YOUR TASK: Extract the lines of the material below, beginning with the first and ending with the line that holds "Genie auf einem". Skip every picture.

SUPPLIED RECORDS:
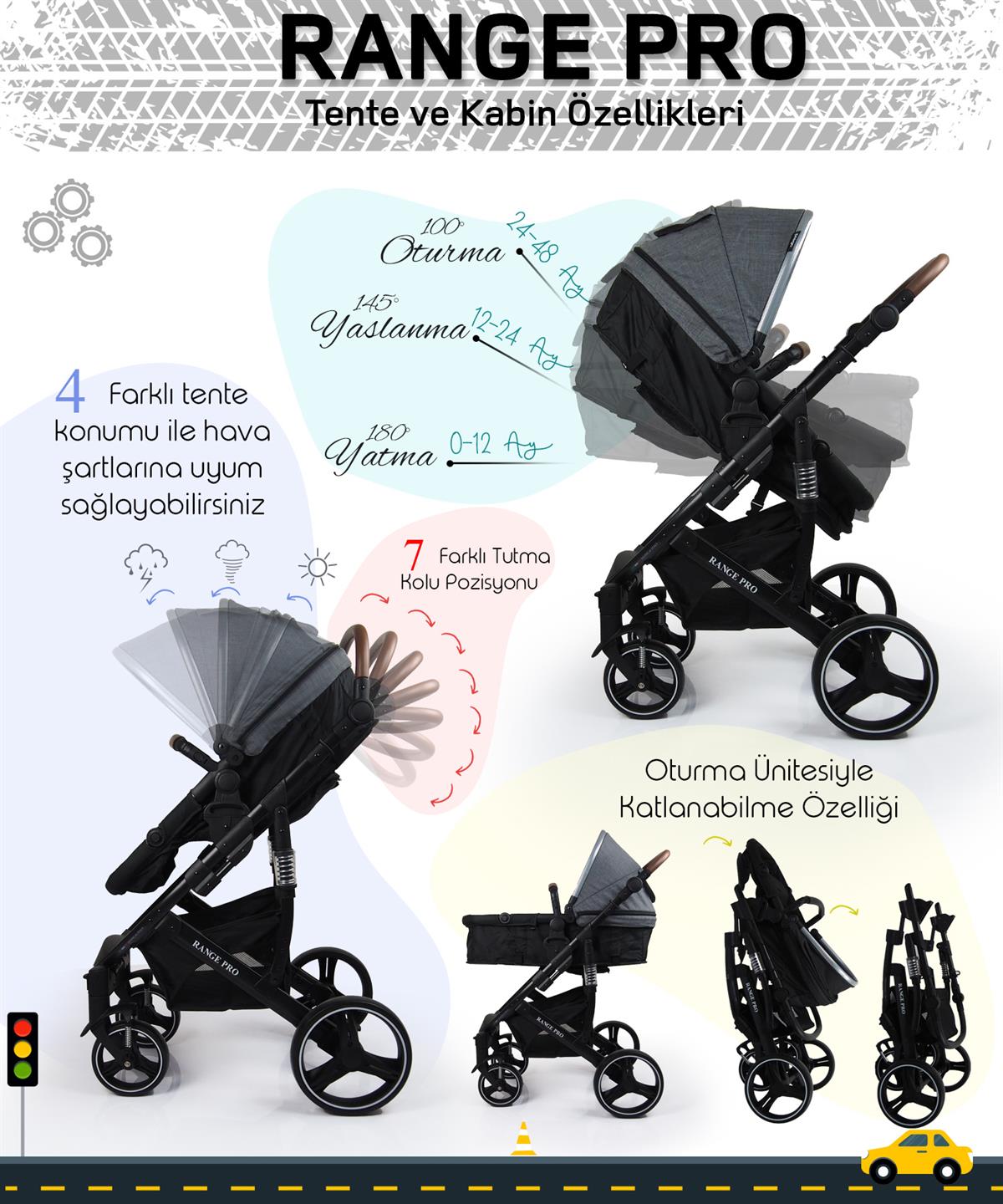 Prego Range Bebek Arabası Gri
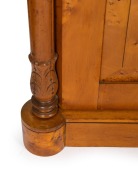 An antique Australian huon pine three door breakfront wardrobe with bevelled mirror plate central door, arched pediment and full-length carved and fluted columns, circa 1870, ​​​​​​​234cm high, 220cm wide, 73cm deep. - 5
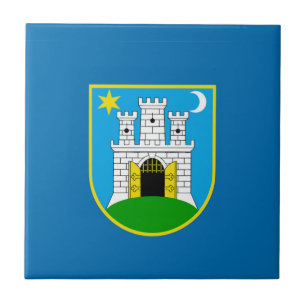 Zagreb city flag croatia symbol tile
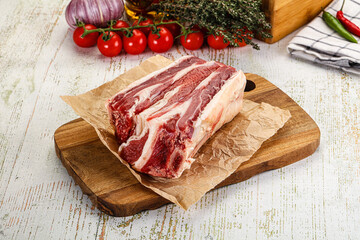 Raw beef ribs for cooking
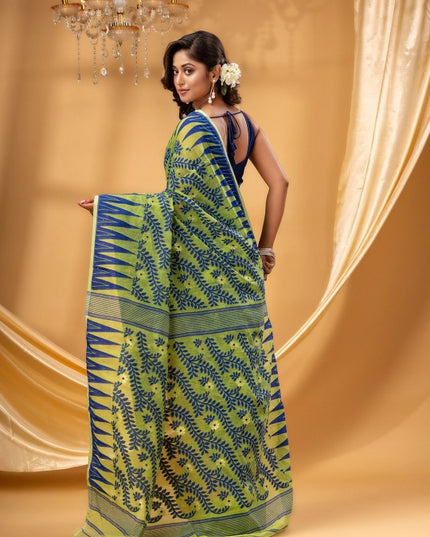 DESH BIDESH Pink-Green Pure Cotton Jamdani Saree: Elegant Woven Border Design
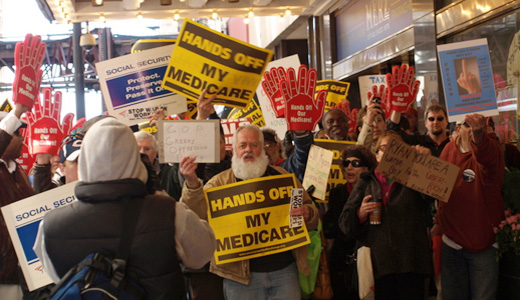 Chicago protesters swamp Ryan over Medicare attack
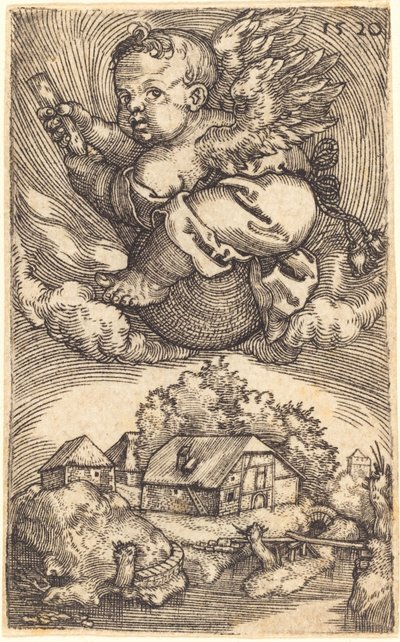 Genie auf einem in der Luft schwebenden Globus von Barthel Beham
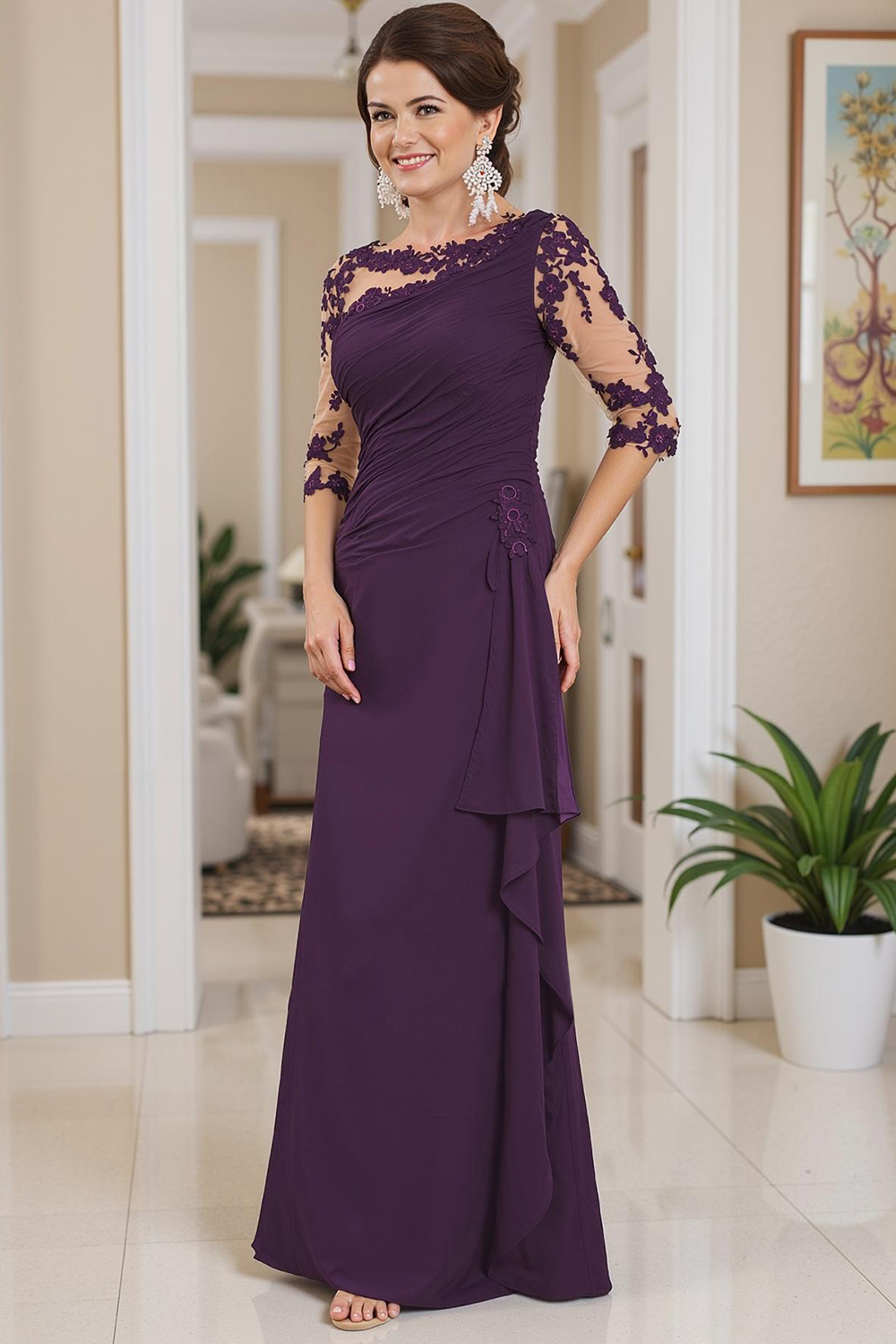 Black Sheath Boat Neck Floor-Length Mother of the Bride Dress with Lace
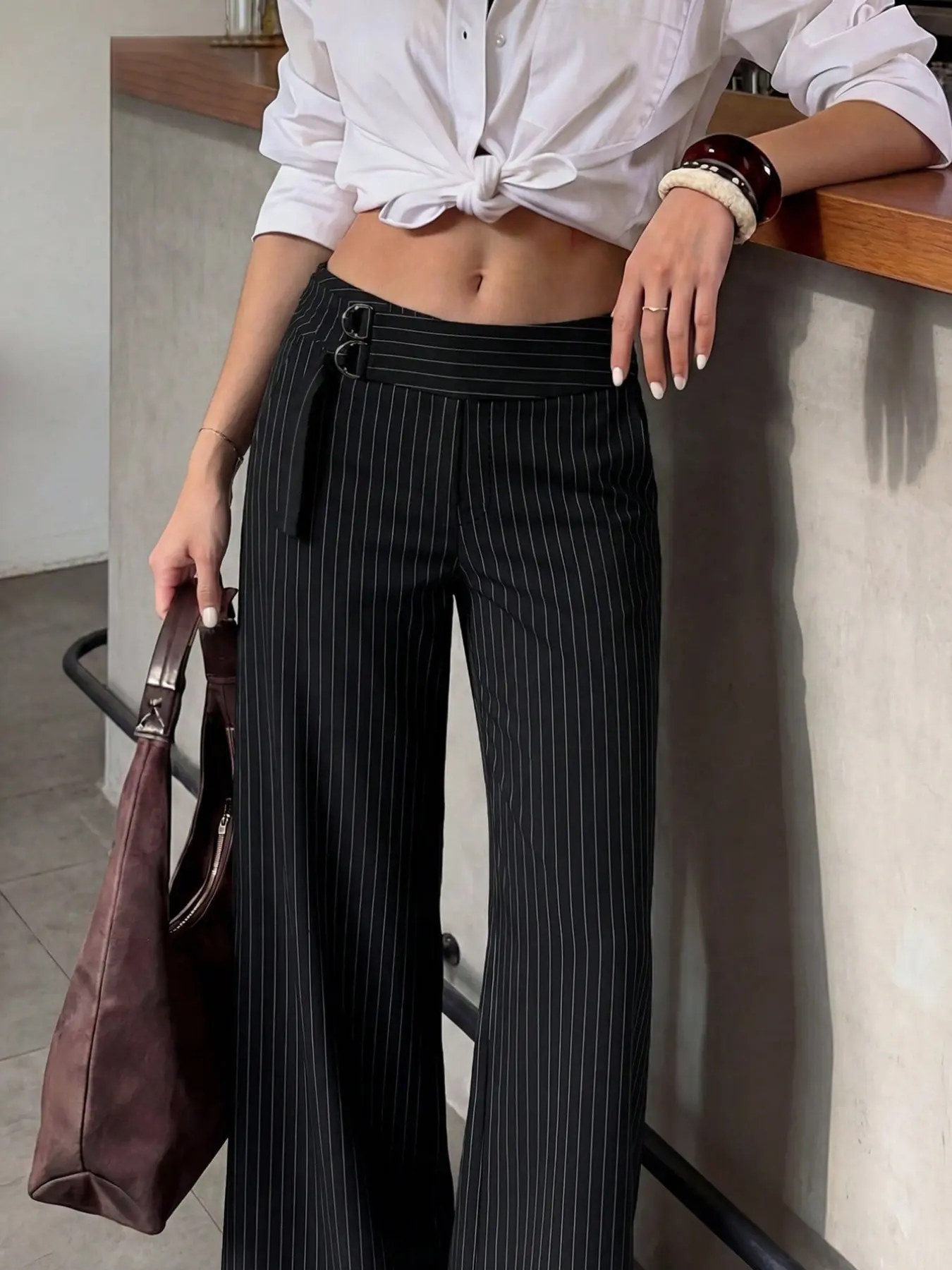 Elegant Women's Fall Winter Striped Waist Adjuster Straight Leg Suit Pants Slacks, Fashionable Long Trousers with Adjustable Rope Design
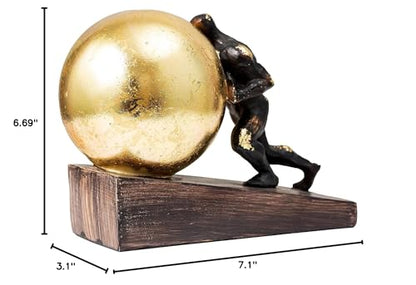 Lukitas Sisyphus Sculpture Statue Decor, Struggler Figurine, Resin L8.5'' - color: Push Ball
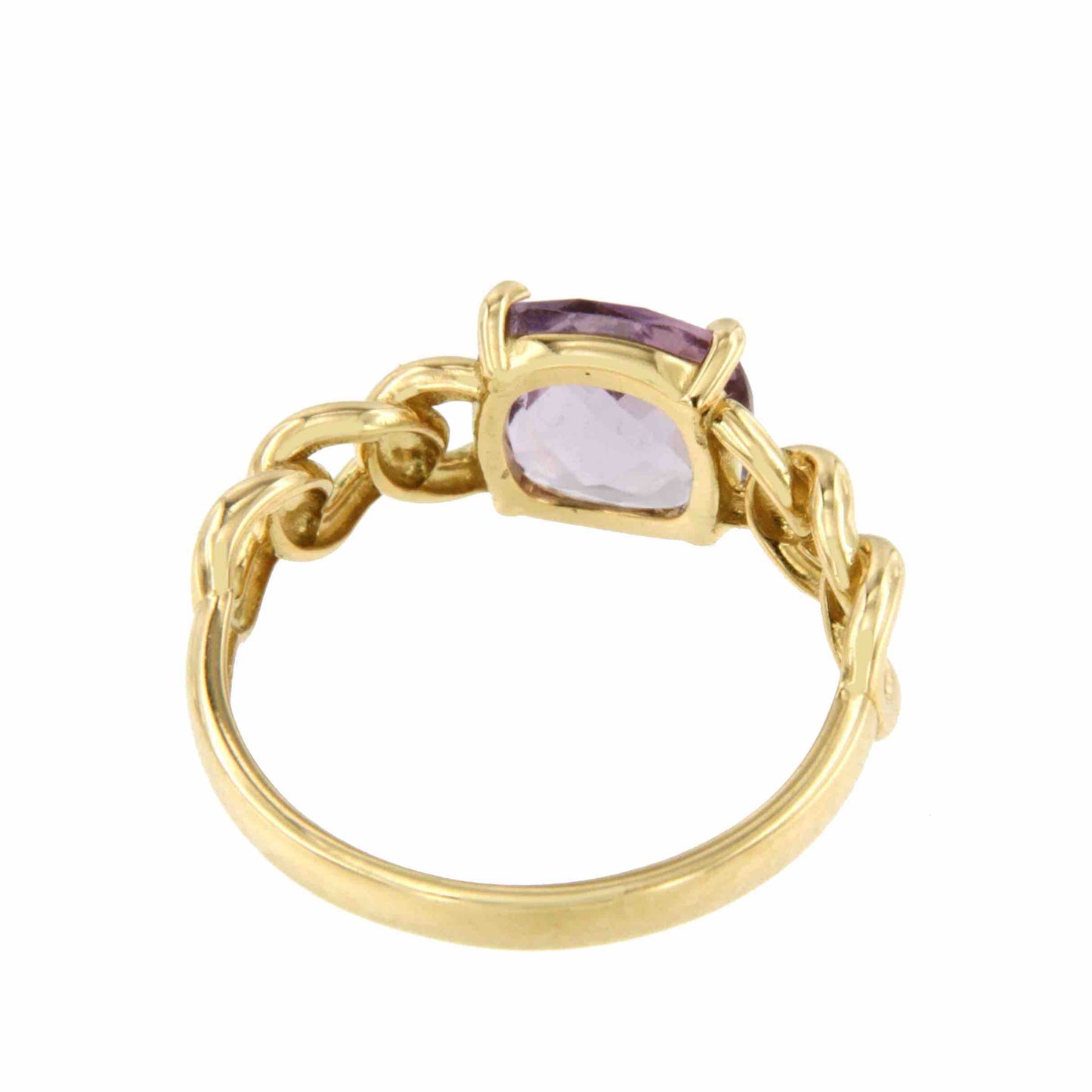 Heather ring with amethyst or blue topaz in 18-karat yellow gold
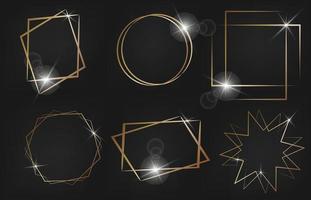 Set of gold geometric  frames with shining effects isolated on black background. vector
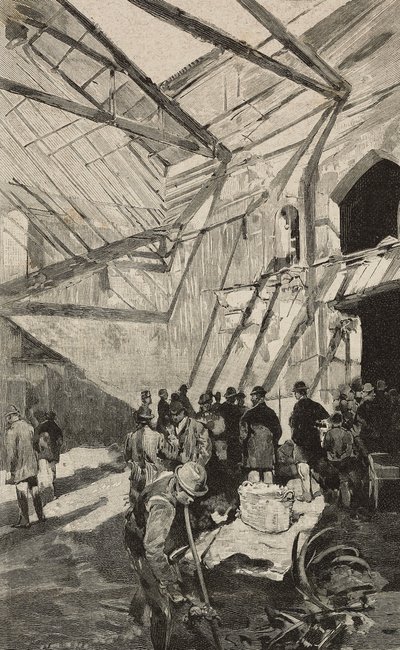 1893 yangınından sonra İsrail Tiyatrosu kalıntıları, Roma, İtalya, L'Illustrazione Italiana'dan Dante Paolocci'nin çiziminden sonra gravür, XX. Yıl, No 7, 12 Şubat by Dante Paolocci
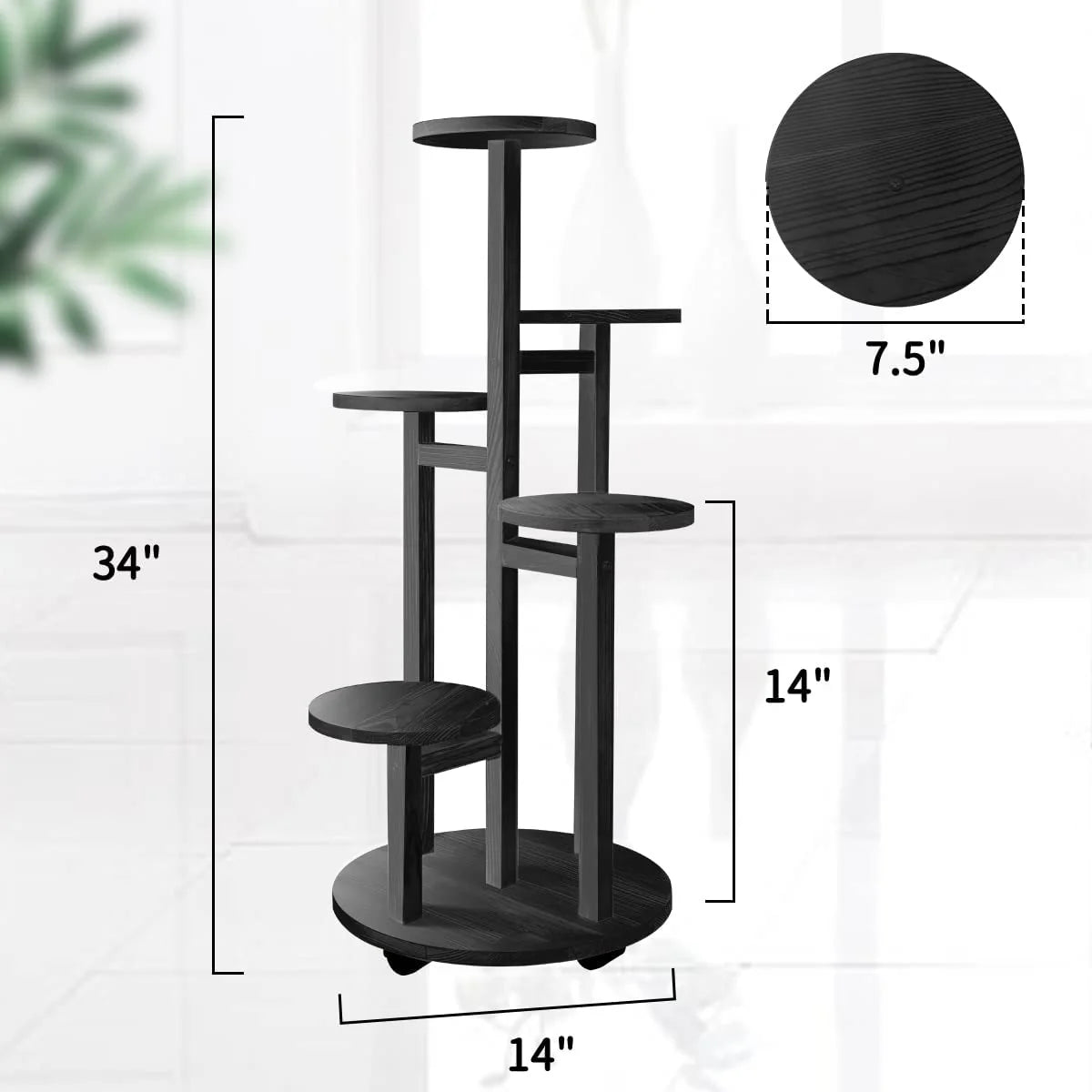 5 Tier Wooden Round Flower Plant Stand For Living Room, Office, Balcony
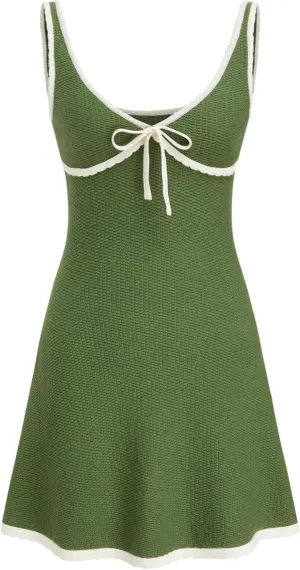 CIDER Knit Mini Dress V Neck Knotted Sleeveless Party Dress Middle Waist Dresses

SOLUTION FOR THIS EXERCISE:
 Prego Range Bebek Arabası Gri
 An antique Australian huon pine three door breakfront wardrobe with bevelled mirror plate central door, arched pediment and full-length carved and fluted columns, circa 1870, ​​​​​​​234cm high, 220cm wide, 73cm deep. - 5
 Zagreb city flag croatia symbol tile
 Raw beef ribs for cooking
 DESH BIDESH Pink-Green Pure Cotton Jamdani Saree: Elegant Woven Border Design
 Chicago protesters swamp Ryan over Medicare attack
 Genie auf einem in der Luft schwebenden Globus von Barthel Beham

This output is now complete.